Binding of a Single Rb+ Increases Na+/K+-atpase, Activating Dephosphorylation Without Stoichiometric Occlusion.
From: Instituto de Química y Fisicoquímica Biológicas y Departamento de Química Biológica, Facultad de Farmacia y Bioquímica, Universidad de Buenos Aires, Junín 956, C1113AAD Buenos Aires, Argentina.

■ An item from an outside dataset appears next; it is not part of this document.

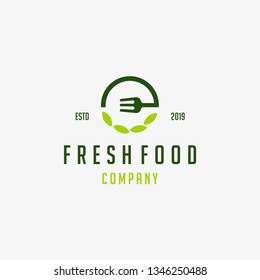 fork leaves leaf nature logo vector icon illustration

The Journal of biological chemistry
- Publish Date: Jun 2006
- ISSN: 0021-9258
- Volume: 281
- Issue: 23
- Pages: 15721-6
- Medium: Print
- Language: English
- Citation (JAMA): Kaufman Sergio B, González-Lebrero Rodolfo M, Rossi Rolando C, et al. Binding of a Single Rb+ Increases Na+/K+-atpase, Activating Dephosphorylation Without Stoichiometric Occlusion.. J. Biol. Chem. Jun 2006;281:15721-6
Abstract
We used partially purified Na+/K+-ATPase from pig kidney to study dephosphorylation, occlusion, and ATPase activity in the same enzyme preparation and in media of identical composition containing 10 microM ATP and different concentrations of Rb+, used as a K+ congener. The experiments were performed using a rapid-mixing apparatus with a time resolution of 3.5 ms. The main findings were as follows. (i) At sufficiently low Rb+ concentration the initial rate of dephosphorylation was higher than that of occlusion, (ii) as [Rb+] tended to zero the slope of the time course of occlusion but not that of the time course of dephosphorylation approached zero and, (iii) as Rb+ concentration increased, ATPase activity first increased and, after passing through a maximum, tended to a value that was lower than that observed in media without Rb+. None of these results is compatible with the currently held idea that binding of a single Rb+ to the E2P conformer of the ATPase does not modify the rate of dephosphorylation and strongly suggest that a single Rb+ does promote dephosphorylation through a mechanism that is not stoichiometrically coupled to Rb+ occlusion. If this mechanism is included in the currently accepted scheme for ATP hydrolysis by the Na+/K+-ATPase, a reasonable prediction of the experimental results is obtained.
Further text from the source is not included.